EL PASO, Texas (Border Report) – More than 100 advocacy organizations have sent a letter to the White House urging President Biden to immediately stop asylum-seekers back to Mexico and craft a plan for the safe return of thousands already there.

The groups say the administration continues to send dozens of migrants who request asylum at U.S. processing centers to cities like Juarez, Mexico until called by an immigration judge. Advocates say this is being done under the Migrant Protection Protocols (MPP) program, also known as “Remain in Mexico,” that the Supreme Court on June 30 ruled the Biden administration had a right to end.

“They say their hands are tied until the Supreme Court sends a certified copy of the judgment to the court of appeals,” said Melissa Crow, director of litigation at the Center for Gender and Refugee Studies. “In the meantime, we’re asking that (Biden) end MPP and begin to redress the enormous harm it has caused.”

Advocates say there is no reason for the administration to continue sending asylum-seekers to Mexico when the high court already ruled it doesn’t have to. This only puts asylum-seekers at risk not only of being robbed, extorted or kidnapped on the streets of Mexico but also of enduring stressful conditions and often discrimination at overcrowded shelters south of the border short on resources including food.

“Anything less than a swift and principled end to ‘Remain in Mexico’ will undermine the administration’s credibility, set a terrible example for other countries, reward and embolden efforts to stop lawful administrative actions and bolster the unfounded narratives peddled by those seeking to portray people seeking protection as a threat to the United States,” the letter said.

Border Report on Thursday reached out to the White House and to the Department of Homeland Security for comment and is awaiting a response.

The groups also want Biden to present a comprehensive plan to facilitate the return to the United States of the 6,000 to 7,000 he placed on “Remain in Mexico” since a federal court in Texas compelled him to do so last year.

“Despite new safeguards put in place by the administration, this is a fundamentally flawed policy,” said Savitri Arvey, policy adviser for the Women’s Refugee Commission.

She said she recently traveled to Mexico and spoke to women in constant fear of physical and psychological harm in cities where they have previously been assaulted.

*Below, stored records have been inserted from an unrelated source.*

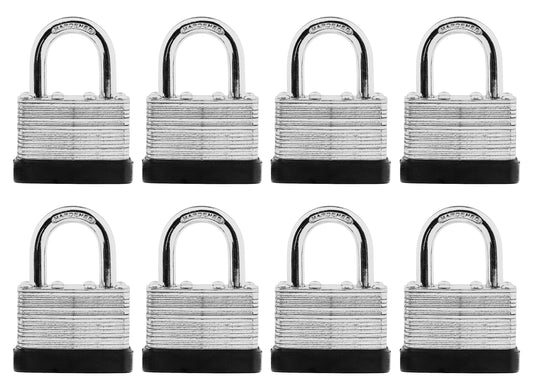 SafiSwords 8-Pack Keyed Alike Laminated Steel Padlocks Keys, 1-3/4" Wide, Heavy Duty Pad Lock Set with Same Keys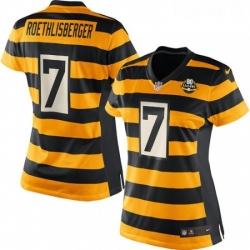 Womens Nike Pittsburgh Steelers 7 Ben Roethlisberger Elite YellowBlack Alternate 80TH Anniversary Throwback NFL Jersey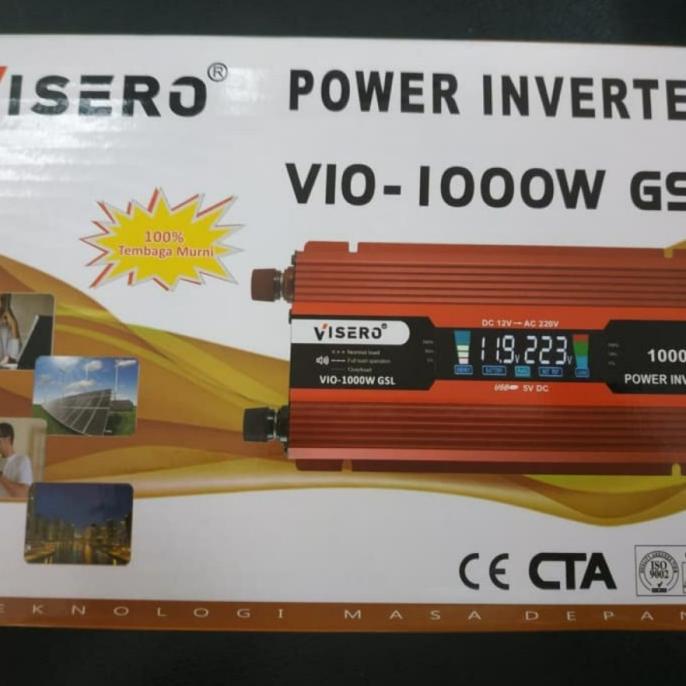 Digital Power Inverter 12V 1000Watt Display Digital Visero VIO-1000GSL lightn33 Ayo Order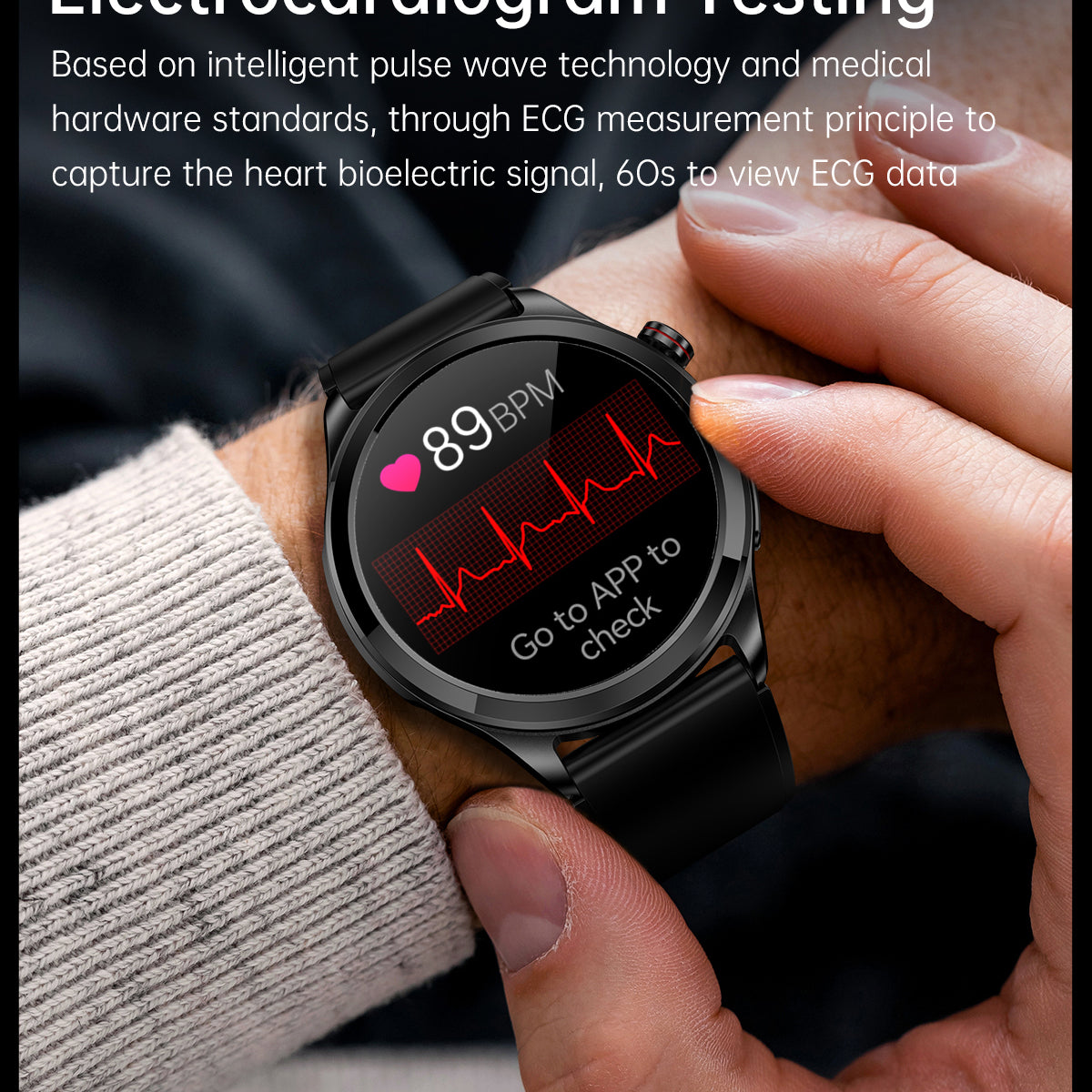 VitalGuard Advanced - Blood Sugar Monitoring & SOS Emergency Smartwatch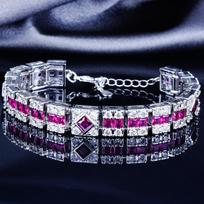 Fashion Red Ruby Bracelet for Women Simulated Gemstone Jewelry Rose Diamond Bangle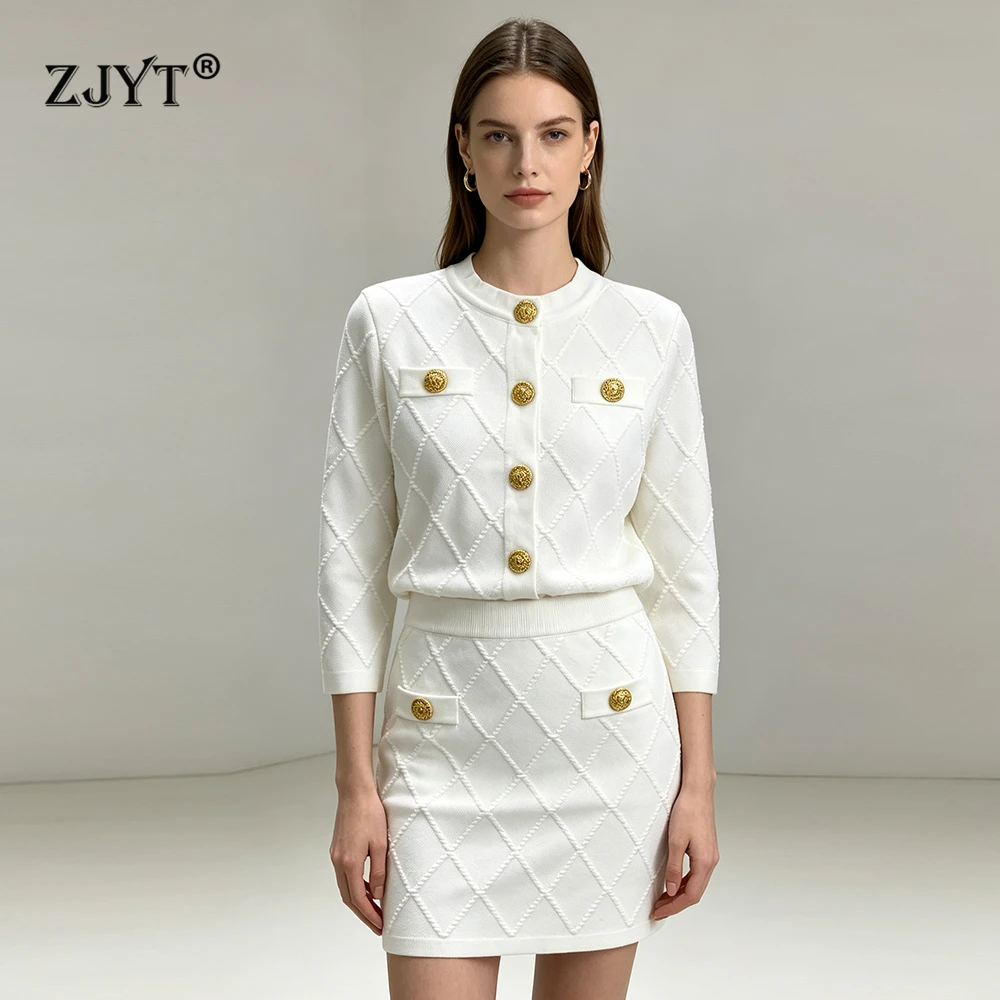 ZJYT Autumn New Knitted Cardigans Sweater Women 2026 Fashion Plaid Pattern Jacquard Knit Tops Female Jumper Mujer White Knitwear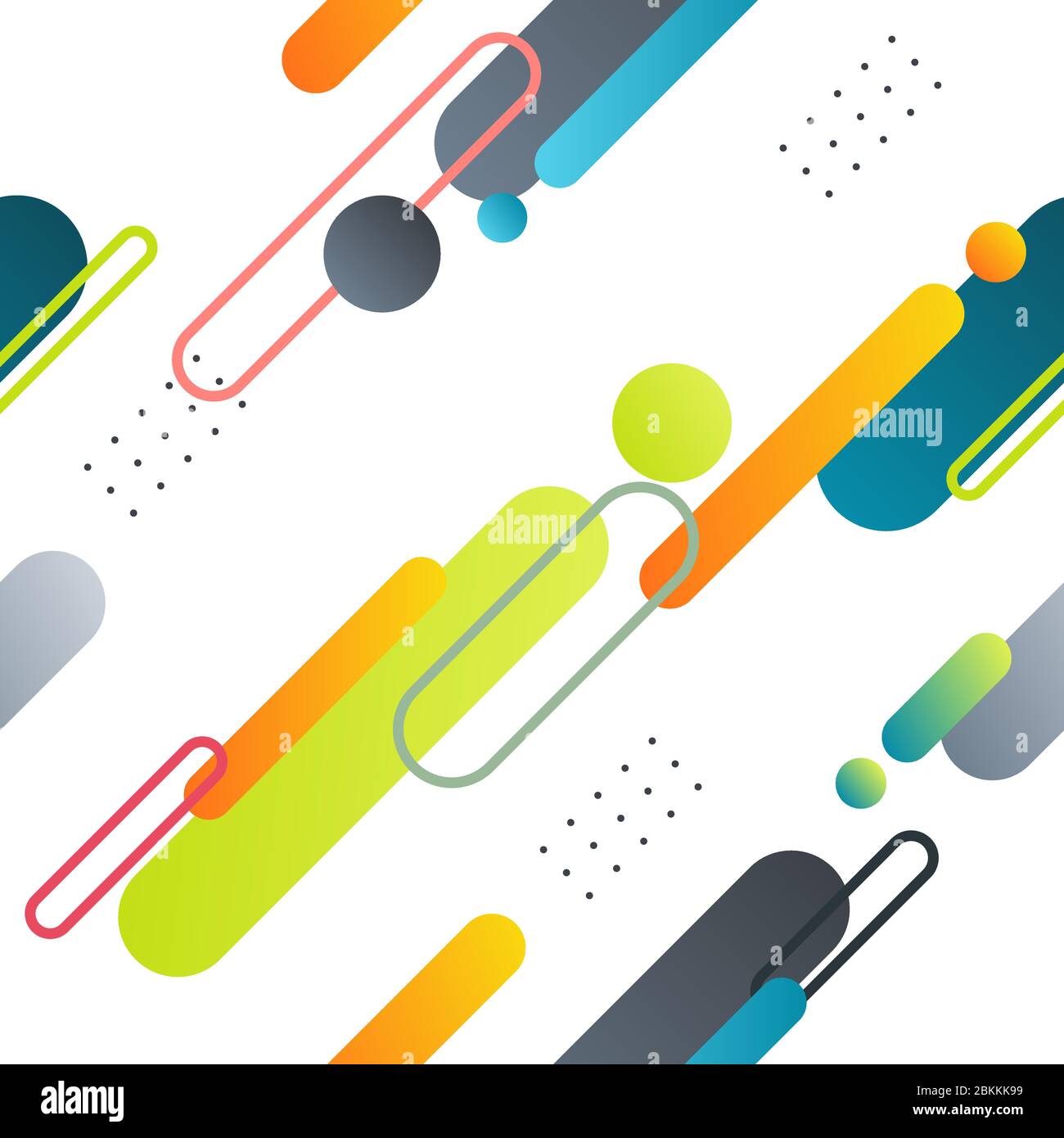 Abstract dynamic seamless pattern with color mood. Minimal, rounded and wavy effect. Stock Vector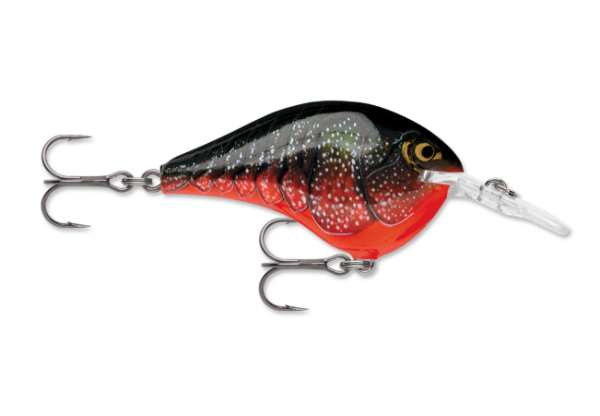Red crawdad fishing lure with black back, white speckles, and clear diving lip.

Most of those the administration has placed on MPP are single men, but some women and members of the LGBT community have been sent back as well, Arvey said.

“They should have never been sent to Mexico in the first place,” she said.  “Not one of those I spoke to in Mexican shelters had legal representation. … It’s very difficult to win a case without representation.”

Other advocates from organizations having signed the letter said the “Remain in Mexico” policy remains a cruel one, regardless of which administration is implementing it.

Marisa Limon Garza, director of advocacy for the Hope Border Institute in El Paso, said she met a Nicaraguan asylum-seeker in Juarez who described his brief detention in the United States as dehumanizing and said he was discriminated at a Mexican shelter because of the color of his skin and the Indigenous language he speaks.

The man she identified as “Jacob” told her Mexican authorities extorted him in the state of Oaxaca, that he experienced overcrowding and difficulty accessing showers in a U.S. detention center and missed his court date after contracting chicken pox at a Juarez shelter and being quarantined for a month.

Jacob fled Nicaragua after being fired from a teaching job for not participating in Sandinista Party political activities and has struggled since to provide for his family by holding menial jobs. His uncle was killed by paramilitaries and he himself was wounded before fleeing to another Central American country and, eventually, the United States, Limon said.

“The realities of ‘Remain in Mexico’ are those of violence and preying on the most vulnerable among us,” she said. “I initially had the false impression this program would not be as bad as before. […] This is a program of family separation and affects people directly.”